Just like broadband access for less wealthy, rural communities is subsidized by government, couldn’t access to water be guaranteed even in a competitive market?

Sutherland says, “Water is not subsidized. The amount that is charged is the price you pay to have it delivered.”

Besides which, Karunananthan says that even if government does step in, a competitive market that has them up against industry power players like big oil creates major problems. She says water markets like the Province is proposing for southern Alberta would just end with government paying “much more than it needs to” for water. The market, reported in June 2009 in Fast Forward Weekly, would be the first of its kind in Canada.

In November 2009, the Edmonton Journal reported that Maude Barlow, chairwoman of the Council of Canadians, said, “It’s a big concern because the public loses control of something essential for life and it becomes a market commodity.”

Others argue that allowing retailers to, in effect, buy water wholesale for resale, is the only powerful incentive not to waste it and to encourage customers to use it as efficiently as possible.

At a recent talk at the Ontario Centres of Excellence’s Discovery 2010, Ontario’s Environment Minister John Gerretsen said the current low cost of water in Canada has been a disincentive for conservation.

Sutherland says, “If people or businesses are offered water at half the price they do not then go on to use twice as much.
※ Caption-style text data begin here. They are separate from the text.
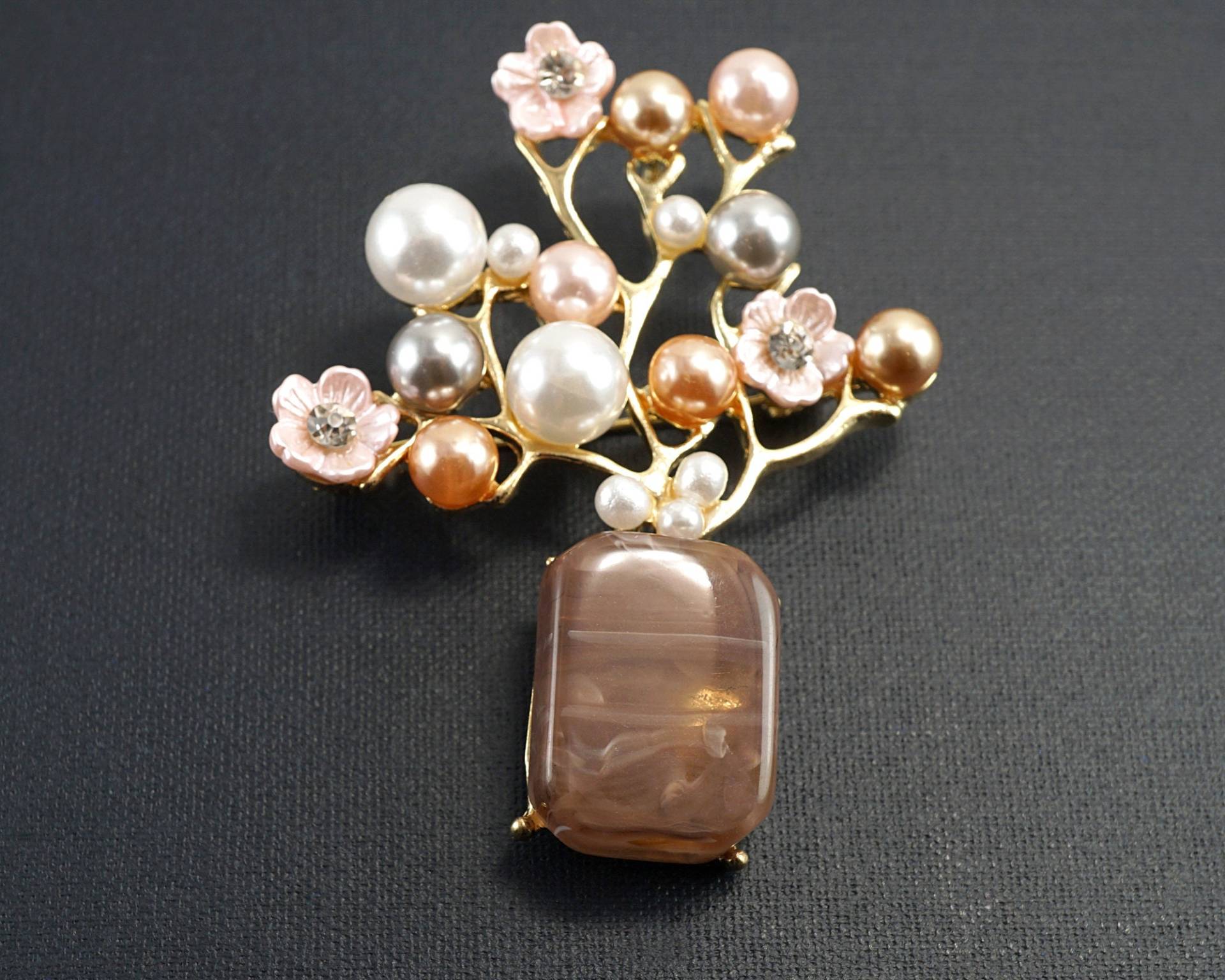 Weiß Rosa Blume Brosche, Topfpflanze Pin, Blumenzweig Kristalle Perle Gold Zweig Harz Topf Pin Für Frauen Anhänger Natur Inspiriert Schmuck von atVintage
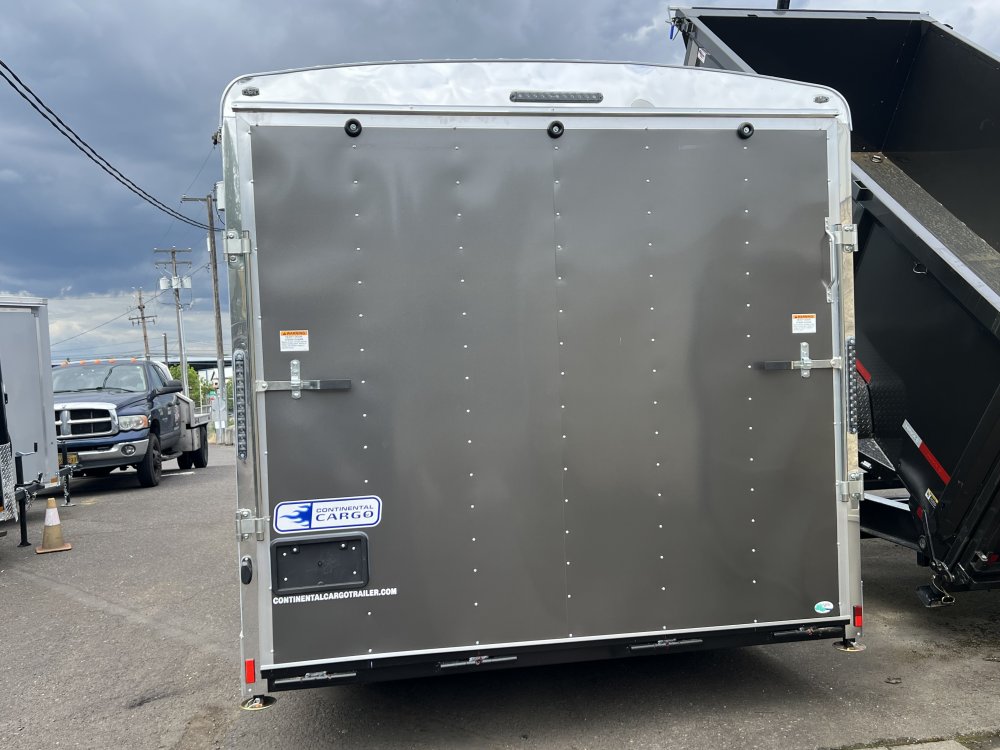 2026 24' x8' Continental Cargo Continental Cargo Tailwind Series Enclosed Cargo Trailer 10K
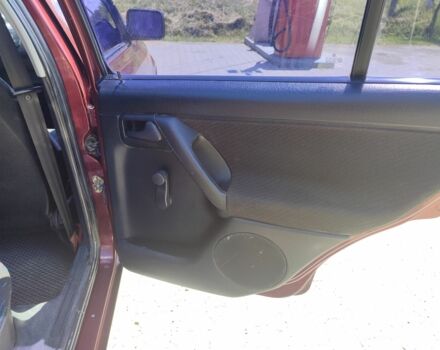 Красный Фольксваген Гольф, объемом двигателя 1.8 л и пробегом 325 тыс. км за 2200 $, фото 12 на Automoto.ua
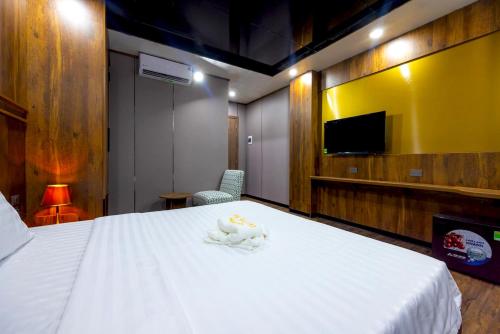 th luxury hotel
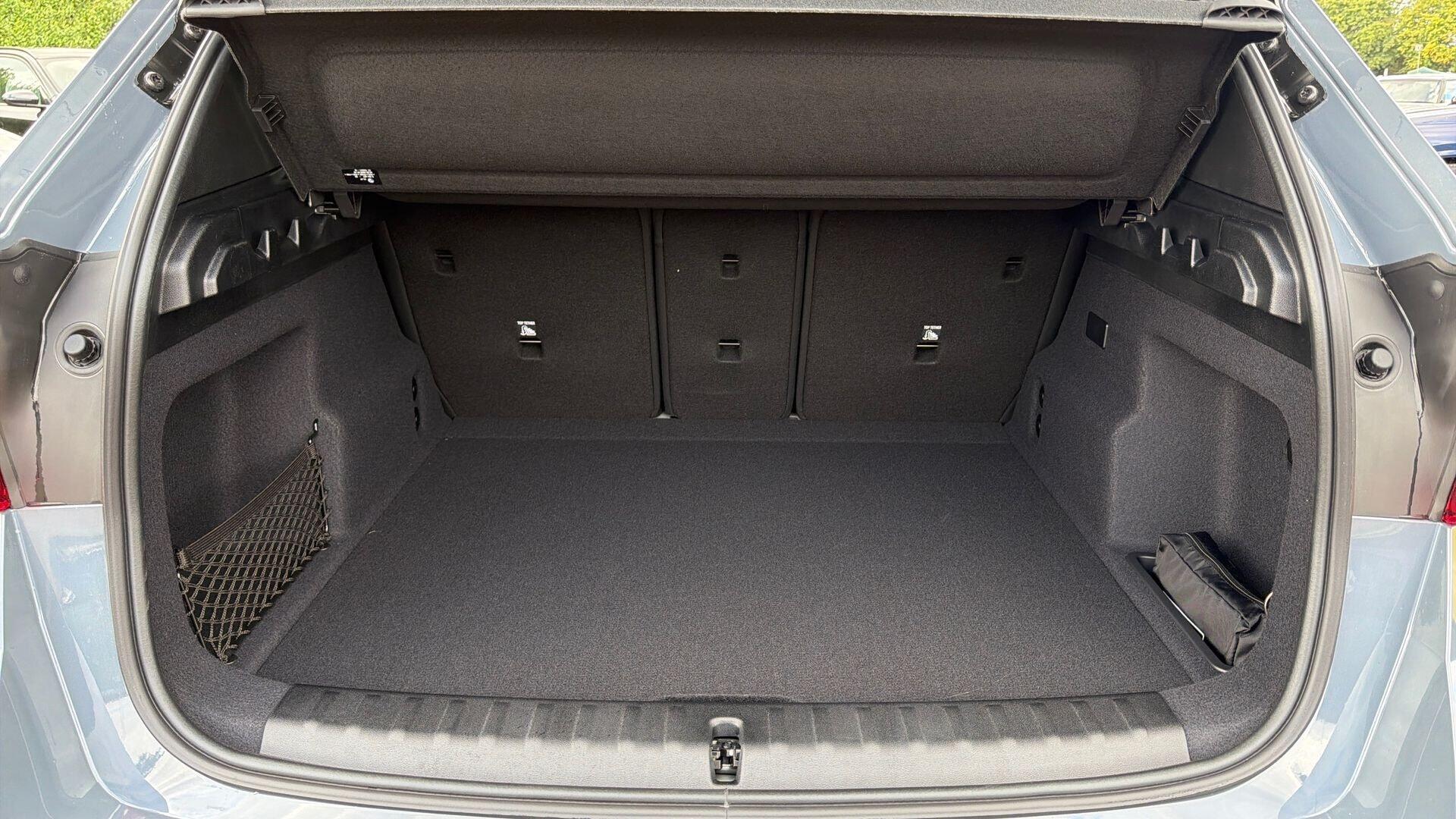 BMW Ix1 view 13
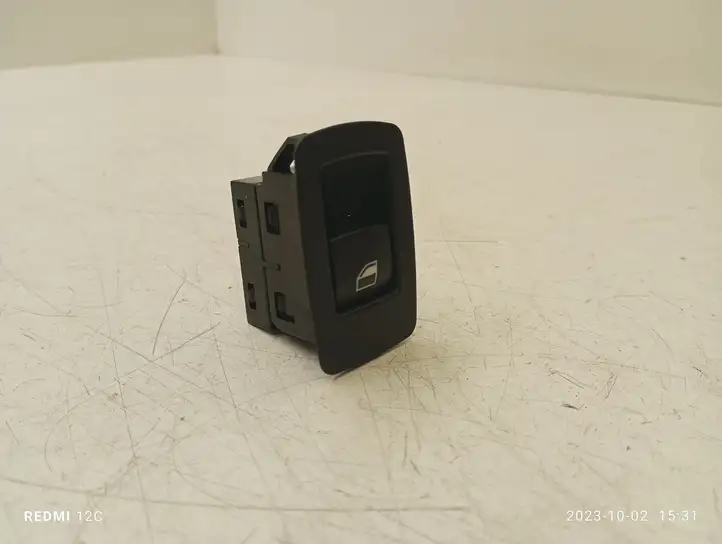 BMW 3 F30 F35 F31 (2012 - 2018) Блок кнопок стеклоподъемников — фото 1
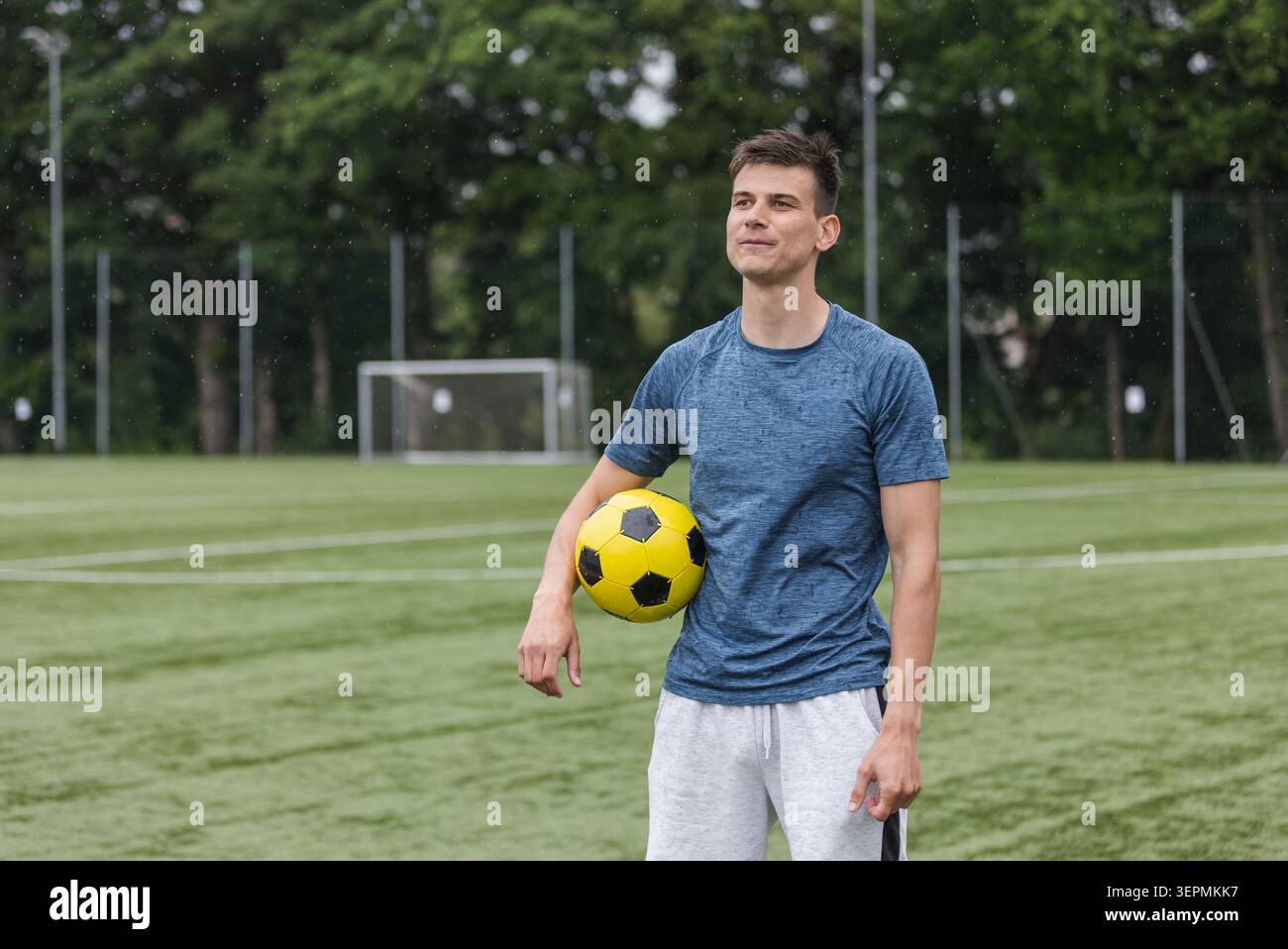 Il giovane pratica le proprie abilità calcistiche da solo sul campo da calcio all'aperto, mantenendosi in forma. Ama l'allenamento personale e il tempo libero attivo. Foto Stock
The competitive market has delivered greater savings for customers but this doesn’t mean that they are using more water as a result.”

Given the backlash just in southern Alberta, could this model ever work in Canada?

Sutherland says, “It is hard for me to make direct comments about systems in other countries but generally as long as customer service and billing are carried out by the same people who manage the assets then something similar can be done in terms of launching a competitive market by then separating those two operations out.”

WICS has been talking with the UK government both before the recent general election and since. Sutherland says, “We have given comment and ideas on how the competitive market could work in England and Wales and we regularly liaise with Ofwat, our counterpart regulator for those areas. The omens are good for the introduction of a competitive market elsewhere and ultimately it would be a good thing for Scottish customers as it would encourage more retailers into the market.”  WC

Mira Shenker is Water Canada’s associate editor. She’s also the editor of ReNew Canada magazine.